If you have read my past blogs you know that I am working very hard to deal with feelings of shame and unworthiness.  And you also know I've learned that connection with others and garnering empathy is the first way to defeating shame.  The only way to do those things is to be vulnerable.  For me, today, that means asking for help. (See - I'm still on topic - just had to go round the outside for a bit to find my way back to it.)

It doesn't matter if you are battling depression, illness or financial troubles.  You could be feeling overwhelmed with your work and not sure how to delegate.  You may be feeling like a failure as a parent because you just can't do it all.  Or you may be struggling to do something as simple as dry yourself off after a shower.  It doesn't matter how easy or difficult the task if it feels like you can't do it alone. Relying solely on yourself and never asking for help is most certainly the quickest path to feeling like a failure when you don't succeed. Lena Horne once said, "It's not the load that breaks you down; it's the way you carry it". Maybe that load won't feel so difficult if you let someone else carry the heavy end for a bit.

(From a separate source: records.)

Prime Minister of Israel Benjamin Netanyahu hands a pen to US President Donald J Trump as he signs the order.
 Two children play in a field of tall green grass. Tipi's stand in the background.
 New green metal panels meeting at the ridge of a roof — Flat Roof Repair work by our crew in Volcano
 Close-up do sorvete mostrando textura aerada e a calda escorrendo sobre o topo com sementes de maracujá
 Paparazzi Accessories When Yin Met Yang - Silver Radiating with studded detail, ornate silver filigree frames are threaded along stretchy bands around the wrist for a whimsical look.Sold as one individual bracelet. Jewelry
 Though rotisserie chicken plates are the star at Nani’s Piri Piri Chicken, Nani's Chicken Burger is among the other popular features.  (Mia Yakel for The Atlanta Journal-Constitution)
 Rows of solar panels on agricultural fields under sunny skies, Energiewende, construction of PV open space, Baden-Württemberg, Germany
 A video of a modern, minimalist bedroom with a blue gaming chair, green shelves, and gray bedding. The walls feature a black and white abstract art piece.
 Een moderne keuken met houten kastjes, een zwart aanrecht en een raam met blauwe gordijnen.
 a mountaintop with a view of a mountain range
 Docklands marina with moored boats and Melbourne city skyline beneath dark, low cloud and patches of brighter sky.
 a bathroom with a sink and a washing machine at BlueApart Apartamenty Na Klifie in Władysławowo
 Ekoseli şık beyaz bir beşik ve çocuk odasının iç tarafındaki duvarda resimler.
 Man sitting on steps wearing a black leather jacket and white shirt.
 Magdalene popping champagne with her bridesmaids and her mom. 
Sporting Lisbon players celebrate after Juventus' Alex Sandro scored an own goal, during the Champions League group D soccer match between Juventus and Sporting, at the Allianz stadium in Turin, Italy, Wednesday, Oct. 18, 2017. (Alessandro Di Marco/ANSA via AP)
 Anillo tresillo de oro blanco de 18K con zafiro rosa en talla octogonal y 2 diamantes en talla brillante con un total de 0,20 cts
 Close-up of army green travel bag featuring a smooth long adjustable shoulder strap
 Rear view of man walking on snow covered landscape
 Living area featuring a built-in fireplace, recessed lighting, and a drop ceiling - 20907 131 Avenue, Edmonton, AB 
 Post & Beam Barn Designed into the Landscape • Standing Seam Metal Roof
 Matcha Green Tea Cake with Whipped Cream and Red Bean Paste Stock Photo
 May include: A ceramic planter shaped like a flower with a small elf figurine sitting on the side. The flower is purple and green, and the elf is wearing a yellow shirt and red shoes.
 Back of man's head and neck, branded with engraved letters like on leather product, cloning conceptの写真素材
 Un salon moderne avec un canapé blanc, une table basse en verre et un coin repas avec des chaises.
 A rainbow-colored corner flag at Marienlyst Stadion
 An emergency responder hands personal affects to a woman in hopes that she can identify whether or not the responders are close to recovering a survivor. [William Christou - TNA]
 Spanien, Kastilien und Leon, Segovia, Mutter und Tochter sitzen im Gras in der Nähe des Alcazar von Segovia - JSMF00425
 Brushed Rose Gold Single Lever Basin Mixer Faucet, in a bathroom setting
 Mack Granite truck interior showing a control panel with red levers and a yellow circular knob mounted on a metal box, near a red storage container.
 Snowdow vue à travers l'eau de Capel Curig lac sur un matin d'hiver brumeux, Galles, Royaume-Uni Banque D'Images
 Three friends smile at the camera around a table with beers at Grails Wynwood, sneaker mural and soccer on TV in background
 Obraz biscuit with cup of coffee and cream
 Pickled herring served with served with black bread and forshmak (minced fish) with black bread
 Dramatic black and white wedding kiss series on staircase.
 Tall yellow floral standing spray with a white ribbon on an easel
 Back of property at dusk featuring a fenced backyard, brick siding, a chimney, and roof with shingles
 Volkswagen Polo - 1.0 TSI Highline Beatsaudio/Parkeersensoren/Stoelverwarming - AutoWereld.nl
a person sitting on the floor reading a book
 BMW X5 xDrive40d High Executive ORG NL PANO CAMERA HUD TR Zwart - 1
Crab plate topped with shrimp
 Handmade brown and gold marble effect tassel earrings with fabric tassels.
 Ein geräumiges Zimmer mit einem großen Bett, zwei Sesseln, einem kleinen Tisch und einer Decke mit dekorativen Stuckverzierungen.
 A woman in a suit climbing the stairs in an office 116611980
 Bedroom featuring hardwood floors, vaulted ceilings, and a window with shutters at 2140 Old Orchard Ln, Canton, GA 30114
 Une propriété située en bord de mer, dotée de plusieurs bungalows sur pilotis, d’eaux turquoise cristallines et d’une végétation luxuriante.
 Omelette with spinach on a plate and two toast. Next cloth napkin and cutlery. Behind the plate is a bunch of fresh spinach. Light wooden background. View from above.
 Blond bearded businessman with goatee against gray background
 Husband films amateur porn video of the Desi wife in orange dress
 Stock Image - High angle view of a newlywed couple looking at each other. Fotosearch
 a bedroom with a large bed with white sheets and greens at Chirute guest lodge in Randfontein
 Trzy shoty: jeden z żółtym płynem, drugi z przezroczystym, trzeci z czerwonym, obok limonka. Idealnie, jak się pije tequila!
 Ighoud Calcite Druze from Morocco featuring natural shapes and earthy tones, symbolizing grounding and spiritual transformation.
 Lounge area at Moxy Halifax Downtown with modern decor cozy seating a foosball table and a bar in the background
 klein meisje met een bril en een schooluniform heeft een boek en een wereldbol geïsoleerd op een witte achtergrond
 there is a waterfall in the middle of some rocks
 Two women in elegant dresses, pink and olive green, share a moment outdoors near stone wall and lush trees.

The point is - ask for help.  Let those that love you in so that they can feel useful.  It's a form of generosity to allow them to do so and feel good knowing they made a difference.  You'll be happy to know I've accepted several meals for my family.  And the help I've cherished the most is that of my friends and family who have just offered to visit and spend some time with me during my recovery.  What a boon to my spirit. Thank you so much.

Some may say that asking for help is a blow to their pride. I would argue that asking for help actually builds your pride rather than detracts from it.  It makes you stronger. You may feel weak at first but, with the help of someone that loves you, in no time you will be strong enough to put your underwear on all by yourself like a big kid.  And that's something to be proud of.



Tuesday, February 12, 2013

American Idols

I'm in a foul mood today.  Horrible.  The kind that makes everyone around me back away slowly.  I've got tons of stuff to get accomplished in the next 6 days before I'm on house arrest after my surgery and, in true Cassidy fashion, I'm freaking out.  This is usually how I roll: Cassidy gets stressed.  Cassidy starts planning everything within a millisecond. Cassidy gets overwhelmed. Cassidy freaks out and thinks it all won't get done.  Cassidy manages to pull through with flying colors.  I'm at the "freak out" stage.  It's just my method.  Leave it alone - it works.

I also may or may not be suffering from the worst case of PMS known to womankind but if I were you I wouldn't suggest that may be contributing to my mood.  At least don't suggest it to my face.

My current attitude is also set off by some shit that went down post-Grammy Awards.  I shouldn't have been surprised.  I don't know why I was- it's the same old same old.  But I got all kinds of pissed off when I listened to this clip from Fox News regarding two powerful awarding-winning musicians.  Over 4 minutes of air time was devoted to discussing the weight of Adele and Kelly Clarkson as they appeared on the live television show.  Jesus H. Christ.  This again?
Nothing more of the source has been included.